Волосы на голове дяди Сергея, несмотря на большую старость, были густые, чёрные, и чёрной скобкой глядели из-под краёв картуза, рыжего, выцветшего от времени, — вот каков был дядя Сергей. Можно сказать, особенный, редкостный.
Дядя Сергей любит общество, в особенности молодёжь, которая громко ржёт от его рассказов, но нужно сознаться, он и стариков не обижал, не обходил их своим присутствием, а вежливо раскланивался, пролезал в середину круга, садился на травку, поднимал к подбородку колени, сковывал колени сухими, длинными руками, клал на колени бороду и, после некоторой тишины и просьб, приступал к рассказу.
Вот так сидел дядя Сергей и сейчас под густой лозиной на зелёной травке, у покосившейся на левый бок избы дяди Михаила Многосонова, который, в отличие от дяди Сергея, никакой бороды не имел. Он вместо лица имел просто перепечённое яблоко, морщинистое, жёлтое, которое в какую сторону ни поверни — ни волосика, хоть на радость был бы один — ни одного.
— Ээк, как тебя природа вызвездила, — говорили шутливо мужики.
А Фёдор, которого иначе на селе и не звали, как Федька, всегда одно и то же при встрече:
— Дядя Михайло, тебе, знать, моя тёлка вылизала? — и закатывался в гык.

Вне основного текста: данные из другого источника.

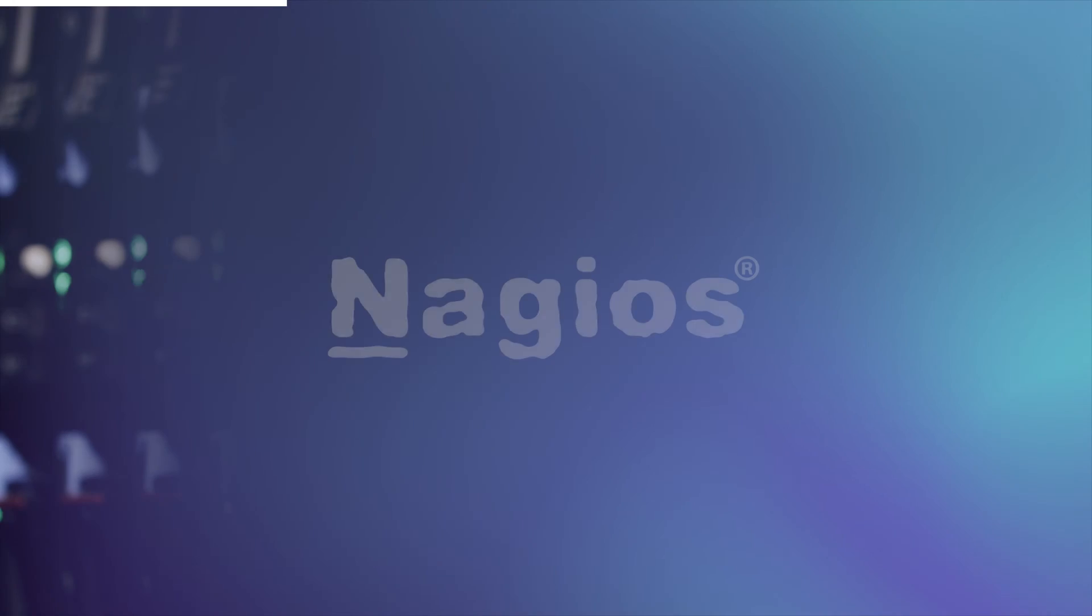Hi, my name is Hoochie and I'm an IT specialist from Nagios. Today, I'm going to be showing you how to monitor a website using Nagios XI.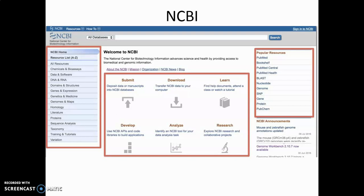In the center panel you will find a number of different links and downloads. Clicking 'Submit' takes you to the step-by-step submission process for when you want to publish your sequence. Clicking 'Download' takes you to the download page where you can download any sequence to your computer. There are also access guides and how-to instructions for using NCBI resources, and on the right side there is a list of popular resources.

— Гы-гы… — хохотали мужики.
— А, пожалуй, Федька прав…
— А всё может быть — и вылизала.
— Гы-гы…
Так шутили, смеялись мужики над дядей Михайлом Многосоновым.
На голове у дяди Михайла тоже не было ни одного волосика — степь макушка песчаная… Только на короткой сморщенной шее три колечка рыжих, золотистых волосков.
— Всё богатство? — дотрагиваясь до колечек, вежливо спрашивал Фёдор.
— Всё, — отвечали мужики за дядю Михайла и закатывались в гык.
— Дырки одни остались.
Дядя Михайло выкатывал из морщин, вернее, вывёртывал коричневые зёрнышки глаз и бегал ими по хохочущим рожам.
— Старики, — хрипел беззубым ртом, дёснами, дядя Михайло и облизывал белёсым кончиком языка морщинистую дырочку рта, — старики…
— Хе-хе.
Мужики не понимали. Мужики катались в гыке. А дядя Михайло был прав. Он сказал большую правду. 32-летние мужики записались в стариков, обтирают печи, полати своими боками, а весной — сеновалы и сени, а то под лозинами, в холодке, пупами на солнце. Дух во все дырки — тоже.
— Гы-гы…
А дети скрипучими сохами царапают чахлую малокровную землю полей, не видавшую за семь лет революции навоза. А навоз распёр дворы, подпёр под крыши изб, горит на солнце, тёплым дымком поднимается, от него дух идёт по селу, лезет в нос, в рот, затыкает…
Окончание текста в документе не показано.